Thank you for welcoming me to your committee. I hope to live up to my colleague whom I'm replacing today.
Good morning, Mr. Giroux.
I'd like to talk to you about a case that made the headlines in La Presse just last Saturday. More than just a case, it seems to me to be widespread and part of the dynamic of a lack of verification as to where funds are subsequently channelled. This is an article by Isabelle Hachey entitled “Quand les belles annonces d'Ottawa se dégonflent”. The number of registrations in the Indigenous Business Directory has increased by 40% in the past year, and the value of contracts had reached $862 million by 2022-23. So far, this sounds like good news. However, no one has verified whether the contractors or the people working on the contracts are truly indigenous.
Already at the outset of the Procurement Strategy for Indigenous Business, a federal report was warning us about the lack of verification of the work being done. The ArriveCAN case confirmed that schemes were being used to allow all sorts of small businesses to get their hands on contracts that really should have been reserved for indigenous people. What's more, last year more than 50 financial institutions raised their hands to say that the strategy was encouraging the use of shell companies.

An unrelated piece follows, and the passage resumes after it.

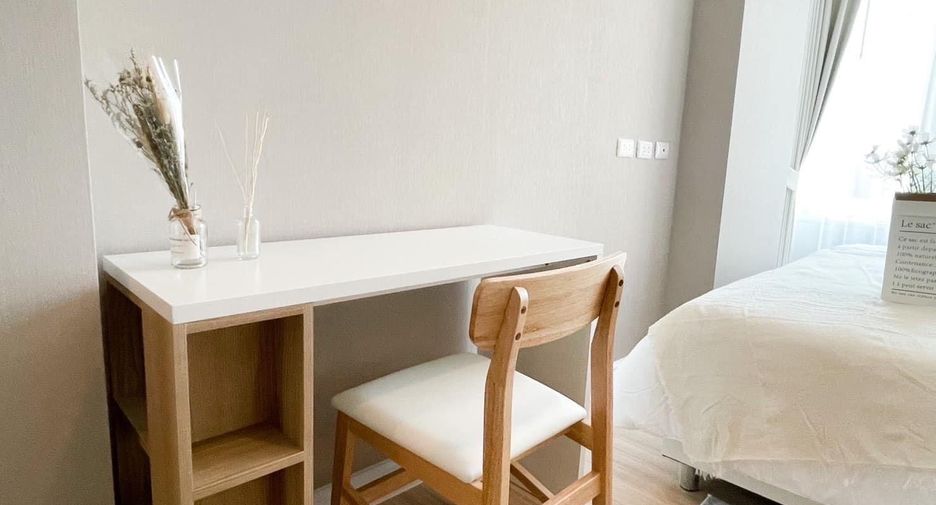 For rent 2 bedrooms condo in Huai Khwang, Bangkok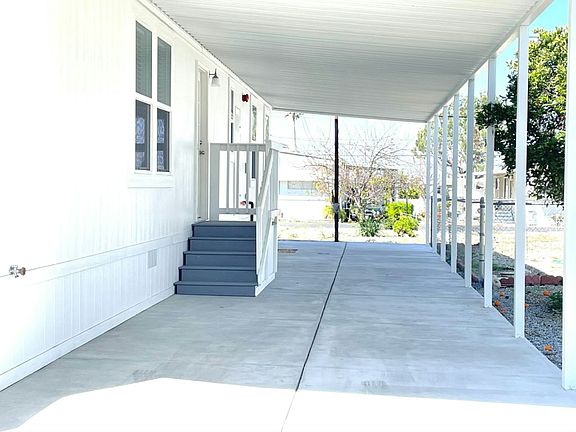 3rd image of 25521 Lincoln Ave #81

There's something I don't understand, and perhaps you'll be able to clarify it for me.
Personally, I have indigenous status and I have my card to prove it. I may not dress up as an indigenous person like some non-indigenous entrepreneurs do, including this man featured in Saturday's article. Yet, every time I deal with a government department for matters related to my status, I have to prove that I have indigenous status.
How is it that Ottawa, a bureaucratic behemoth that is fond of paperwork, suddenly turns a blind eye before pulling out the chequebook in this kind of situation?